Program Seeks To Replace Canopy Lost With Development

Tuesday, December 3, 2013

FAYETTEVILLE — Residents in the Covington Park subdivision woke last week to find workers digging holes in their front yards.

The workers, with B&A Property Maintenance, were planting trees for the city Parks and Recreation Department.

Princeton elms, Shumard oaks and thornless honeylocusts are taking root along Township Street, between Worthington Way and Kittery Lane, in northeast Fayetteville.

Trees were planted late last month along Persimmon Street, near Double Springs Road, in west Fayetteville. Next up is a stretch of Joyce Boulevard east of the post office, Ken Eastin, city urban forestor, said.

Nearly 120 trees are being planted using $22,800 in the city’s tree escrow fund. Developers who cannot preserve or replace a certain percentage of trees on property they develop are required to pay into the fund, according to the city’s tree preservation and protection ordinance.

Eastin said the purpose of the ordinance “first and foremost is to preserve what we have.”

“And then if there is anything that’s lost, to replace canopy,” he added.

Julie Council, who lives in the Covington Park subdivision, said Wednesday she was glad to see trees being planted along Township Street.

“I just think it’s great to improve our green space,” Council said. “One of the things we looked for was a neighborhood with mature trees, and I was a little disturbed that there weren’t many.”

According to a tree canopy assessment conducted last year by Plan-It Geo of Arvada, Colo., 36 percent of land in Fayetteville is shaded by trees.
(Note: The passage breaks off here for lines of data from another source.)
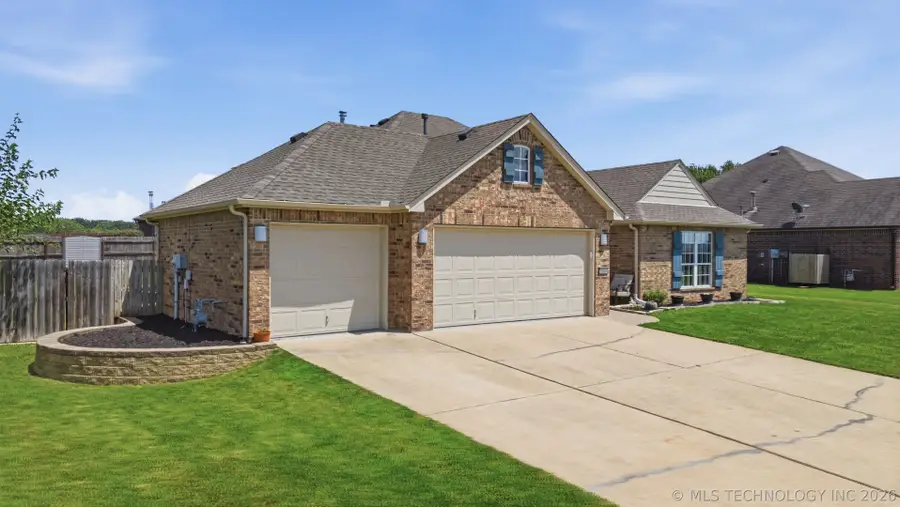 5809 N 32nd Street, Broken Arrow, OK 74014 - #2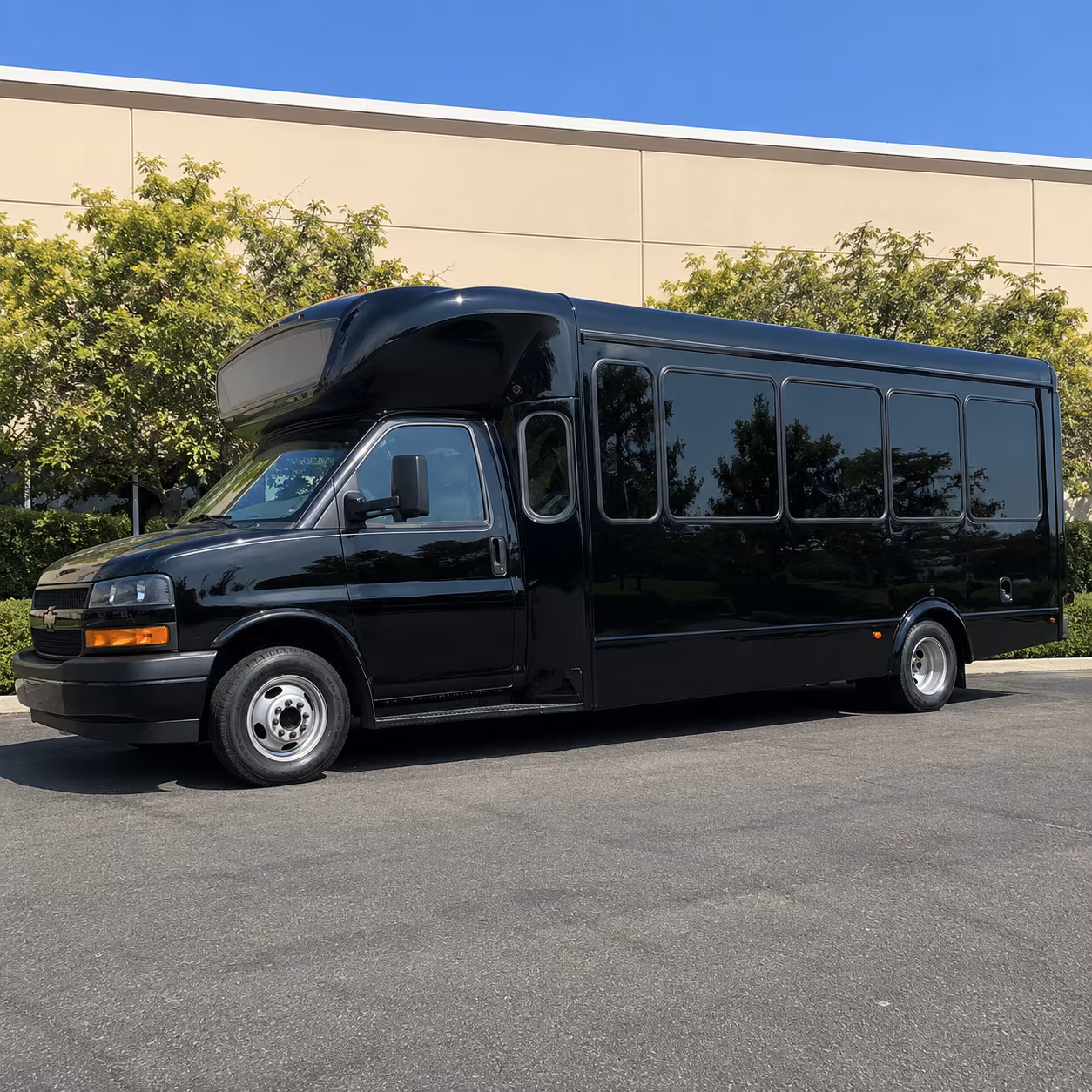 knotts berry farm buena park party bus rental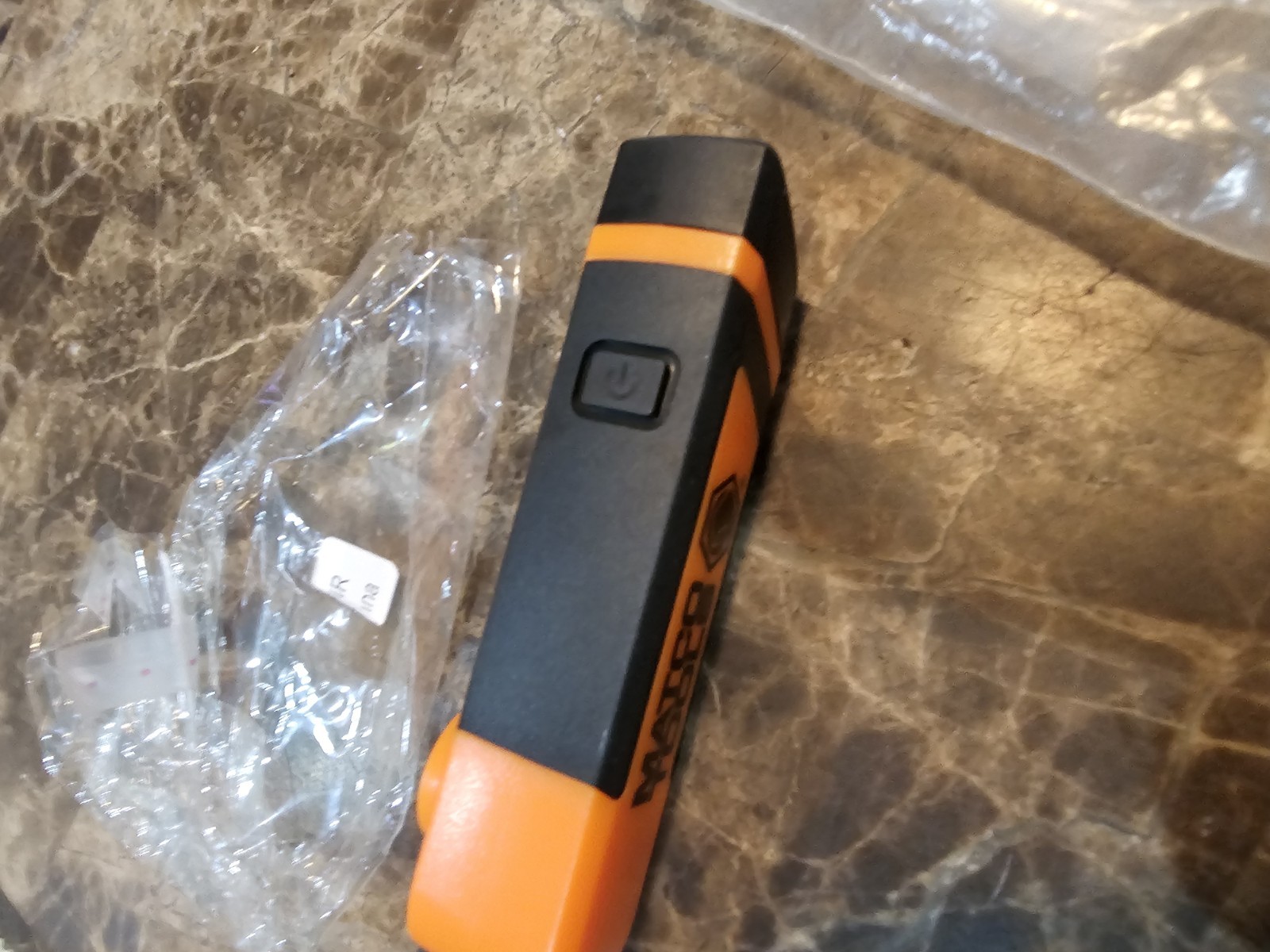 Matco Tools 600 Lumen ORANGE Rechargeable Neck Light MWL600 *** New Replacement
About 1.5 percent of the city’s tree canopy has been lost since 2002, the assessment concluded.

The tree ordinance, approved in 2001 following months of City Council discussion and heated debate about removing 51 post oaks for the Kohl’s department store, seeks to prevent further canopy loss.

Developers are required to preserve a set percentage of trees or replant trees they remove, depending on the zoning district where the development is located. If they can’t preserve or replant trees, they pay into the tree escrow fund. The number of trees they’re responsible for depends on the significance of trees that are removed. The ordinance sets a $250 fee for each tree required, plus $425 per tree for three years of maintenance.

Eastin said similar ordinances are rare in Arkansas. But, he added, other cities, such as Conway, Little Rock, North Little Rock and, most recently, Bentonville, have enacted landscaping laws.

“We’ve pretty well set a standard for tree preservation ordinances in Arkansas,” Eastin said.